> _PROBLEM_
Give back the whole listing word for word and skip each picture.

──────── DATASET ENTRIES

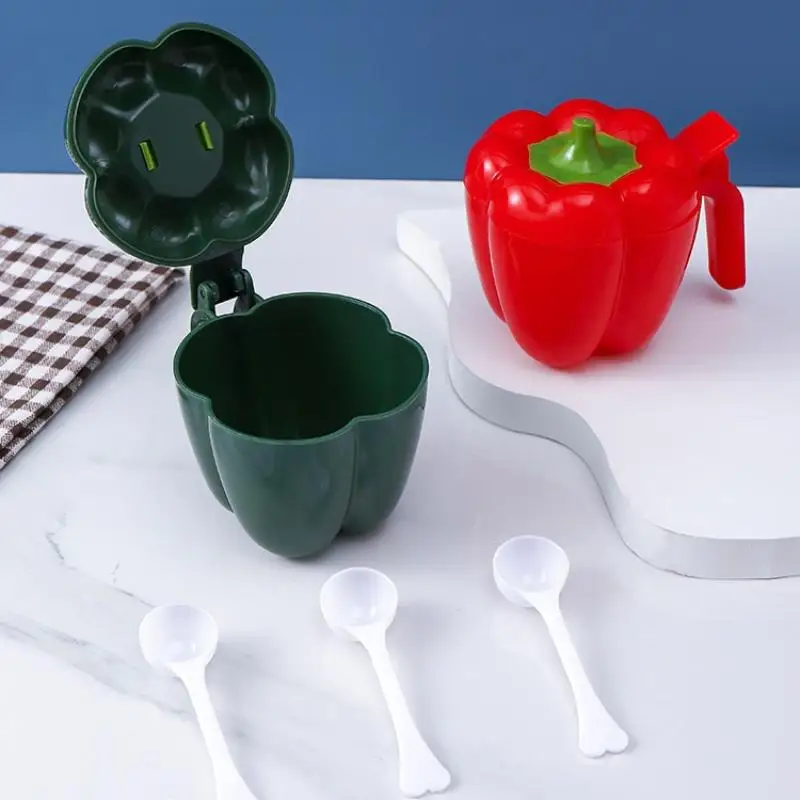 Chili Shape Plastic Seasoning Box 2026 New Household 3pcs/set Handle Splicing Apothecary Jar Kitchen Salt Shaker With Scoop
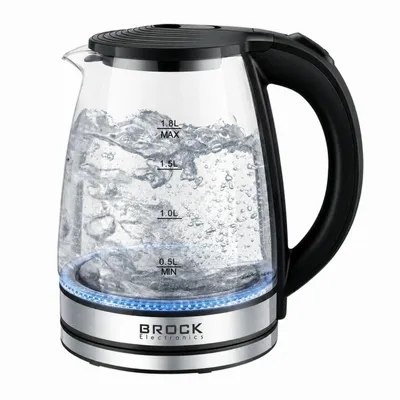 Immagine prodotto di Brock WK 2404, 1500 W, 1,8 litri, illuminazione a LED, resistenza nascosta, vetro, acciaio inossidabile nero, bollitore elettrico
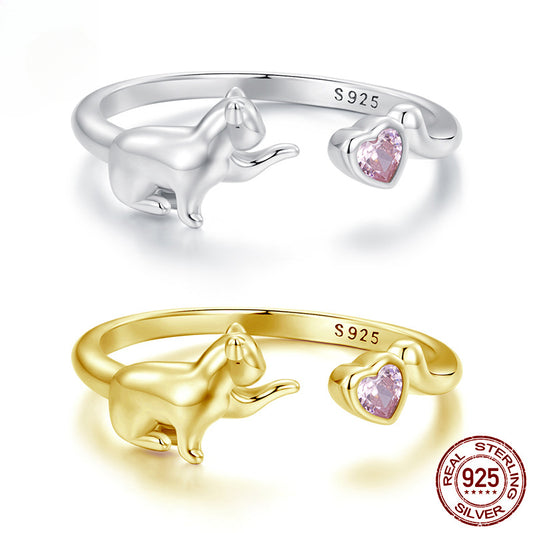 Silver Pink Love Cat Open Ring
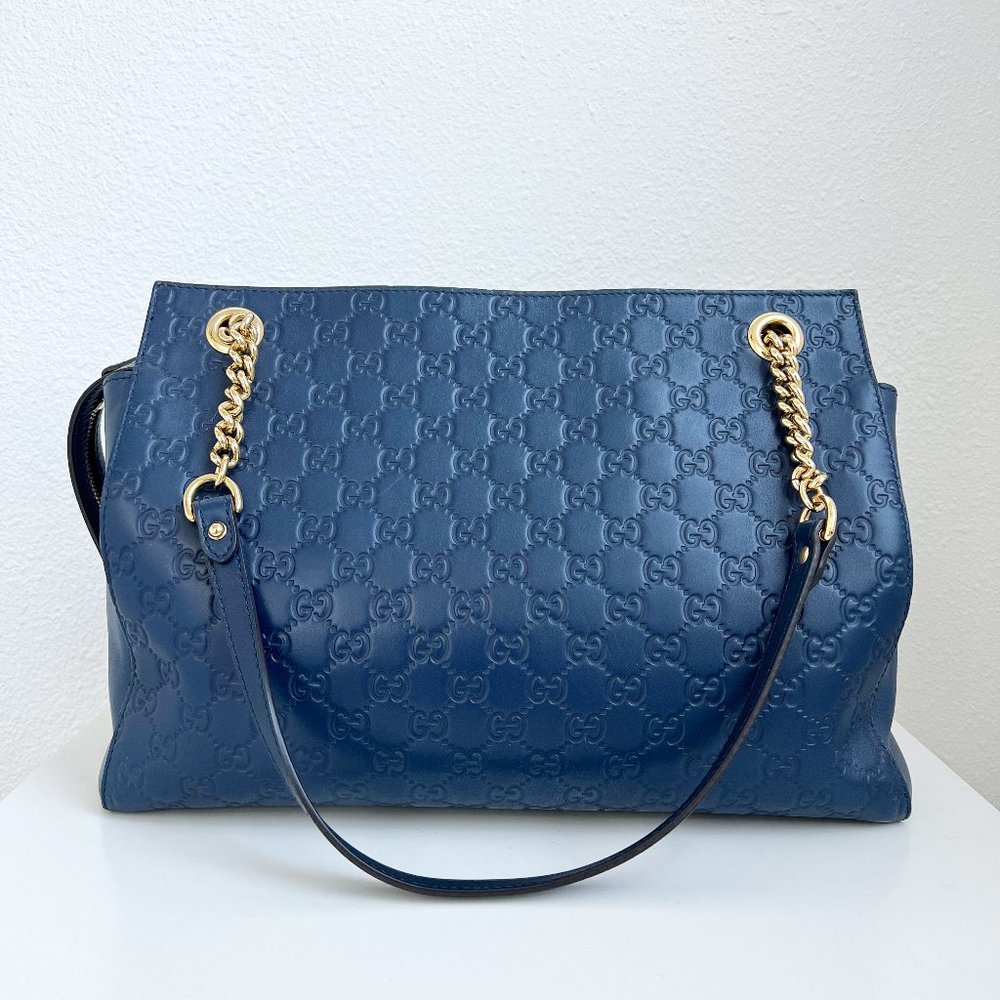 Gucci Blue Soft Signature Shoulder Bag Guccissima Leather Large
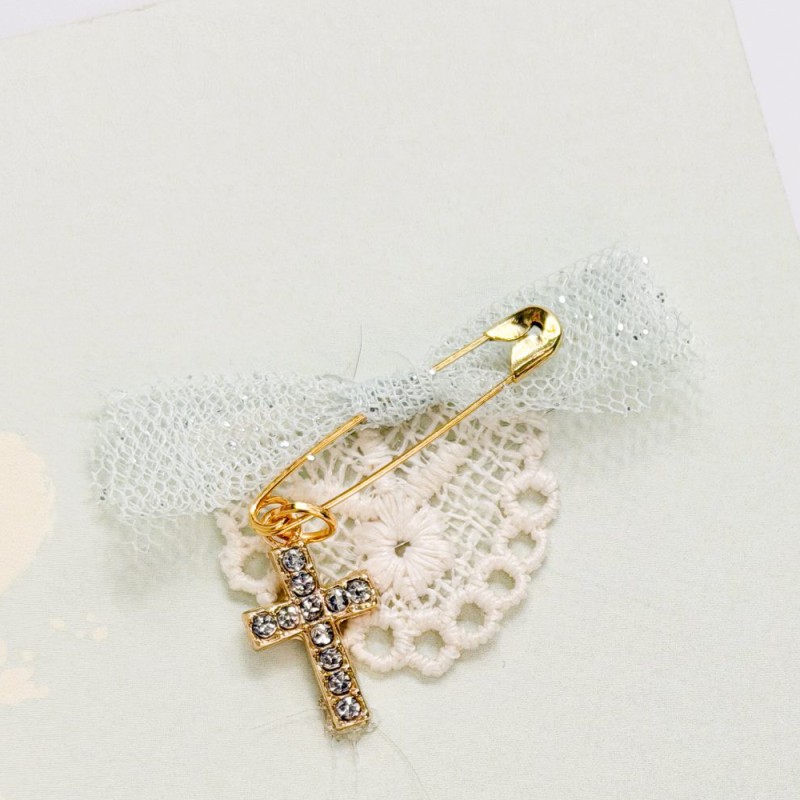 Μαρτυρικό Πέτου με Δαντέλα, Βεραμάν Τούλι & Επιχρυσωμένο Σταυρό με Στρας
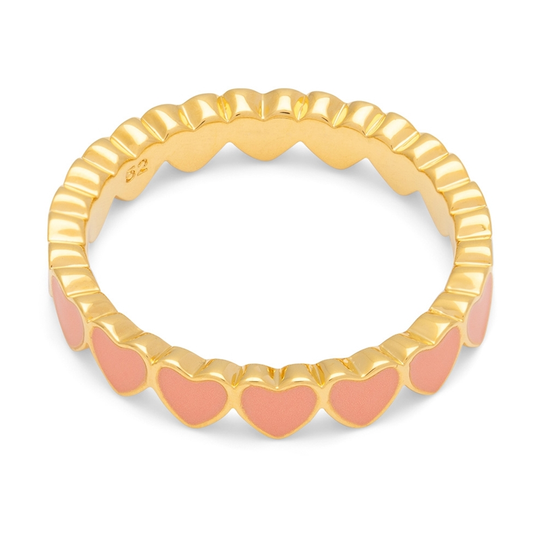LULU - Burnt coral Hearts enamel ring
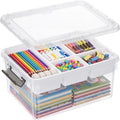 17 QT Clear Craft Storage with 1 Removable Fixed-Compartment Tray, Craft by Bienvoun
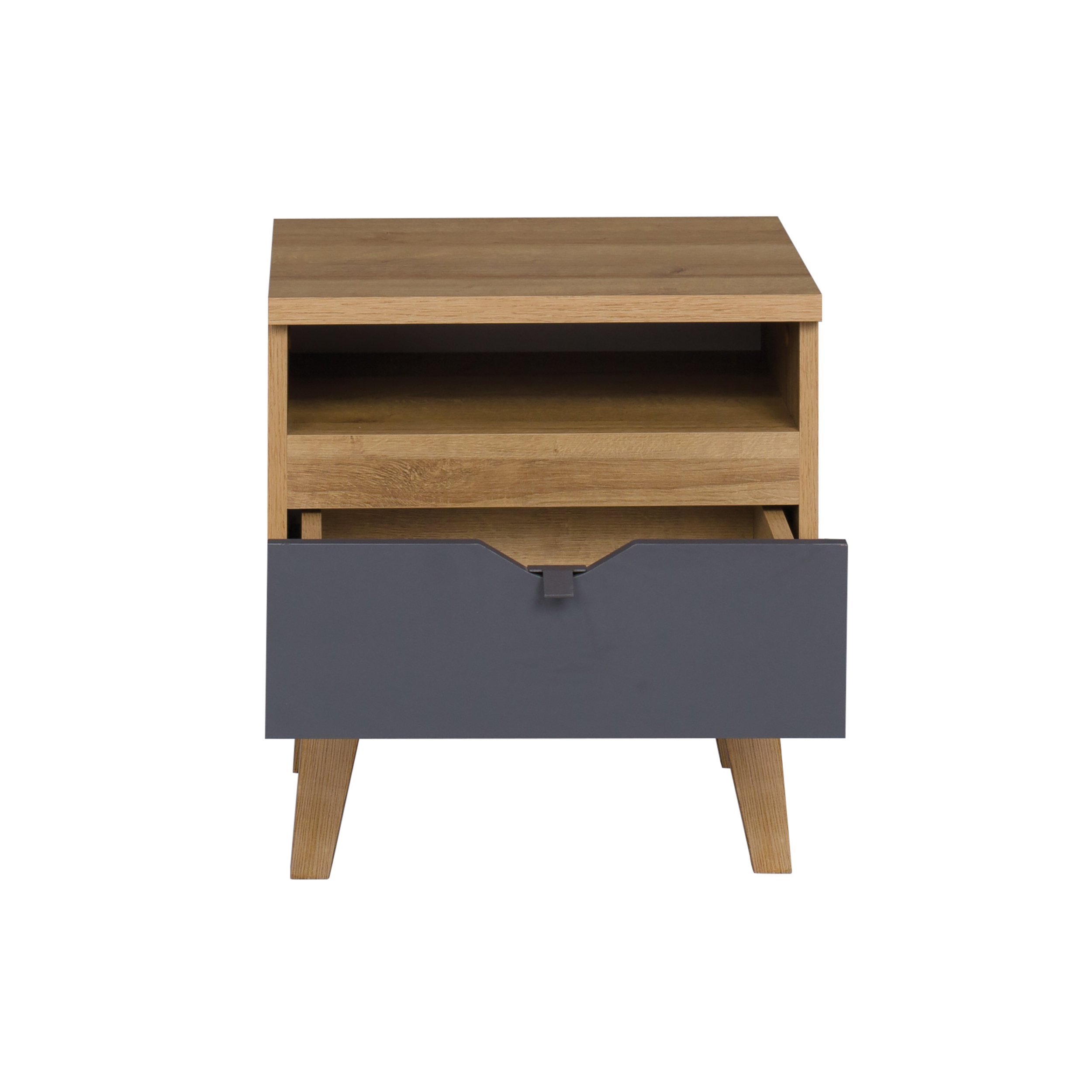 Detale szafki nocnej MORENO – ABS-krawędź, nóżki i uchwyt metalowy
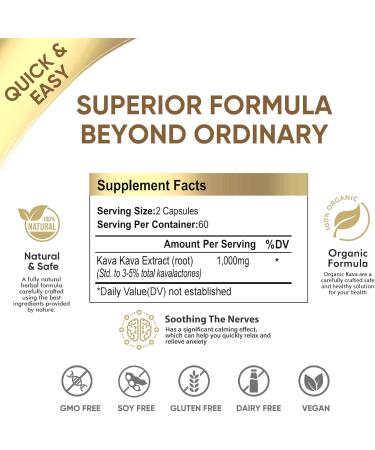 FlexBloom Kava Kava Capsules High Concentration Kava Root Extract Supplement for Relaxation and Immune Support Vegan & Non-GMO 120 Capsules - Buy Online on GoSupps.com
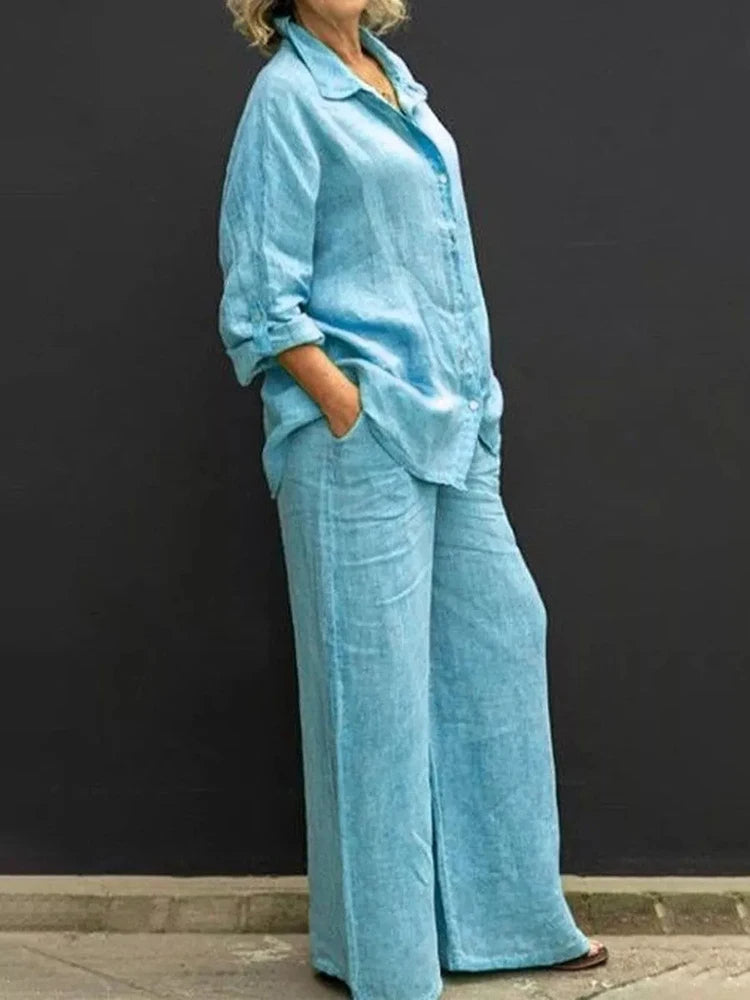 GR | Relaxed linen set with button placket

────────────────

> _RESULT BELOW_
 Chili Shape Plastic Seasoning Box 2026 New Household 3pcs/set Handle Splicing Apothecary Jar Kitchen Salt Shaker With Scoop
 Immagine prodotto di Brock WK 2404, 1500 W, 1,8 litri, illuminazione a LED, resistenza nascosta, vetro, acciaio inossidabile nero, bollitore elettrico
 Silver Pink Love Cat Open Ring
 Gucci Blue Soft Signature Shoulder Bag Guccissima Leather Large
 Μαρτυρικό Πέτου με Δαντέλα, Βεραμάν Τούλι & Επιχρυσωμένο Σταυρό με Στρας
LULU - Burnt coral Hearts enamel ring
 17 QT Clear Craft Storage with 1 Removable Fixed-Compartment Tray, Craft by Bienvoun
 Detale szafki nocnej MORENO – ABS-krawędź, nóżki i uchwyt metalowy
 FlexBloom Kava Kava Capsules High Concentration Kava Root Extract Supplement for Relaxation and Immune Support Vegan & Non-GMO 120 Capsules - Buy Online on GoSupps.com
 GR | Relaxed linen set with button placket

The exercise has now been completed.